Site-essential roles require 100% of shifts onsite at your assigned facility. Site-by-design roles may be eligible for a hybrid work model with at least 50% onsite at your assigned facility. For these roles, onsite presence is considered an essential job function and is critical to collaboration, innovation, productivity, and a positive Company culture. For field-based and remote-by-design roles the ability to physically travel to visit customers, patients or business partners and to attend meetings on behalf of BMS as directed is an essential job function.
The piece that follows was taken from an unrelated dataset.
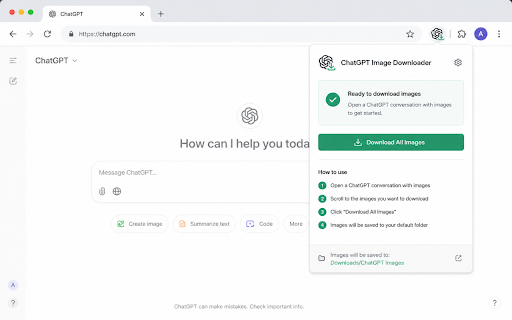 ChatGPT Image Downloader :: Download all AI-generated images from your ChatGPT conversations one by one.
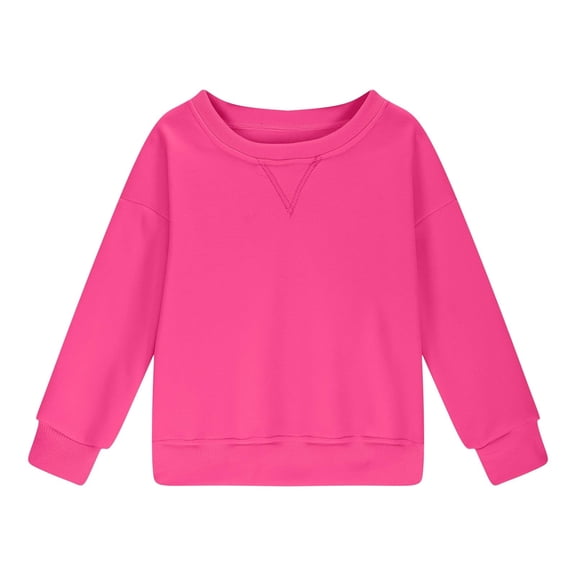 Mercatoo Youth Girls Solid Color Cotton Casual Crewneck Sweatshirts Kids Cute Trendy Long Sleeve Oversized Pullover Tops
Supporting People with Disabilities

BMS is dedicated to ensuring that people with disabilities can excel through a transparent recruitment process, reasonable workplace accommodations/adjustments and ongoing support in their roles. Applicants can request a reasonable workplace accommodation/adjustment prior to accepting a job offer. If you require reasonable accommodations/adjustments in completing this application, or in any part of the recruitment process, direct your inquiries to adastaffingsupport@bms.com. Visit careers.bms.com/eeo-accessibility to access our complete Equal Employment Opportunity statement.

Candidate Rights

BMS will consider for employment qualified applicants with arrest and conviction records, pursuant to applicable laws in your area.

If you live in or expect to work from Los Angeles County if hired for this position, please visit this page for important additional information: https://careers.bms.com/california-residents/

Data Protection

We will never request payments, financial information, or social security numbers during our application or recruitment process. Learn more about protecting yourself at https://careers.bms.com/fraud-protection.

Any data processed in connection with role applications will be treated in accordance with applicable data privacy policies and regulations.